Sea Change: MoS proposes new MCA for major ports

MoS proposes new MCA for major ports

In September 2016, the Ministry of Shipping (MoS) proposed a new model concession agreement (MCA) for the port sector. This agreement aims to replace the existing MCA, which has been in place since January 2008. The revised MCA is expected to resolve some of the long-standing issues of private terminal operators at major ports. The MoS has taken into account suggestions made in various reports by the NITI Aayog (the erstwhile Planning Commission) (2010), the Indian Ports Association (2015) and the Kelkar Committee (2015) while modifying the MCA.

Salient features

The revised MCA has proposed the simplification of the exit option for the concessionaire.

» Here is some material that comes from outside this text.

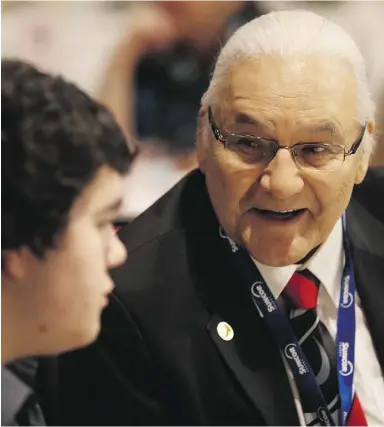  ??  ?? Winston Wuttunee, 2013 Indspire award recipient for culture, heritage and spirituali­ty,
speaks to one of the youth Suncor hosted at the 2014 Indspire awards.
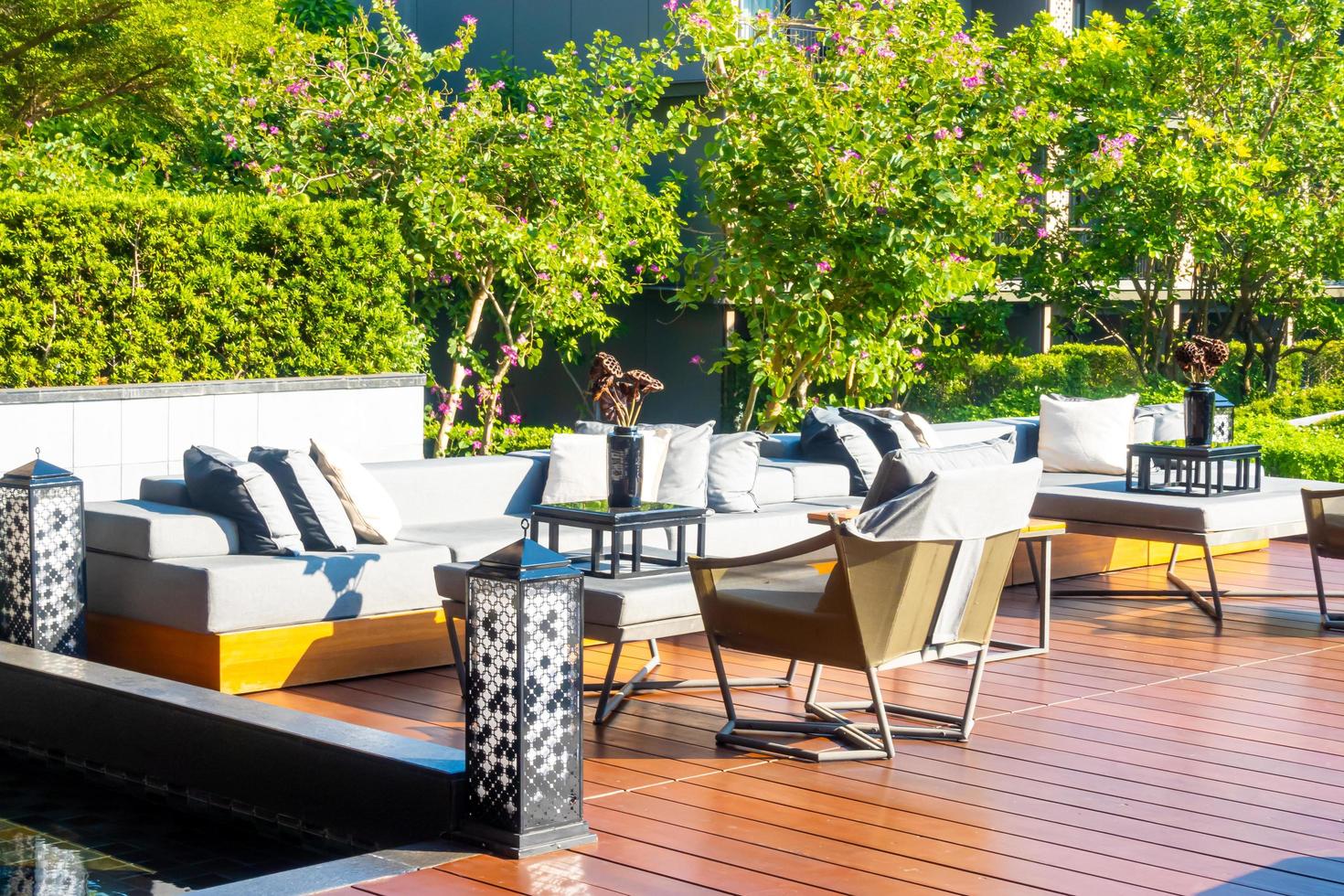 Pillows with outdoor patio deck and sofa on the balcony in a garden photo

Under the new agreement, the concessionaire will hold 51 per cent equity in the project for the first three years after commercial operation date (COD) and 26 per cent thereafter, for next three years. Thus, the private party will be free to exit the project after six years. “It enables unlocking of capital and is a welcome step, however, there should be clarity on the type of investors who would be allowed to come in (port players, infrastructure investors, financial investors) and a clear procedure (in terms of eligibility, security and other clearances) for the same should be established,” says A. Balasubramanian, a lawyer at J. Sagar Associates.

In order to facilitate the availability of low-cost long-term funds, the revised MCA has the provision for debt refinancing. Under this, the concessionaire can issue bonds on the completion of one year of operations for refinancing its debt. This is expected to improve the financial viability of projects. However, there is no clarity on the duration of bonds to be issued. The new MCA also has the provision for a mid-term review of the concession agreement. It is recommended that the agreement be assessed by a review board under applicable laws at the end of 15 years from COD to undertake mitigation measures if required. According to Balasubramanian, “A mid-term review is a programmatic response on the part of the government to take care of uncertainties which are typical in a long-term contract.”

Meanwhile, the revised MCA has proposed the start of operations at the port even before the actual COD of the project for better utilisation of port assets. However, this will be based on specific terms and conditions with respect to the level of operations and payment to the port authority. In order to improve the utilisation rate of port assets and to raise productivity, the new MCA has specified that the concessionaire is free to deploy higher capacity equipment and facilities than those specified in the scope of work. Further, the new agreement provides the concessionaire with the option to adopt revised tariff guidelines as and when these are issued by the government. The option to adopt the new guidelines will need to be availed of within 90 days of publication in an official gazette.

The revised MCA, if implemented, will have a provision for the replacement of the approved project cost with the actual project cost with prescribed procedures for this change. At present, if the actual project cost, is higher than the estimates, the concessioning authority may increase the project cost. However, the procedure for this is not specified. Under the new agreement, the concessionaire will submit the statement of actual capital costs incurred on the project within a period of 90 days of the issue of the completion certificate. If the actual cost is more than the estimated project cost or the cost incorporated in financing plan, this increase will be referred to the independent engineer for comments on whether this increase in expenditure is reasonable. The port authority will then take a decision on approving the enhanced cost.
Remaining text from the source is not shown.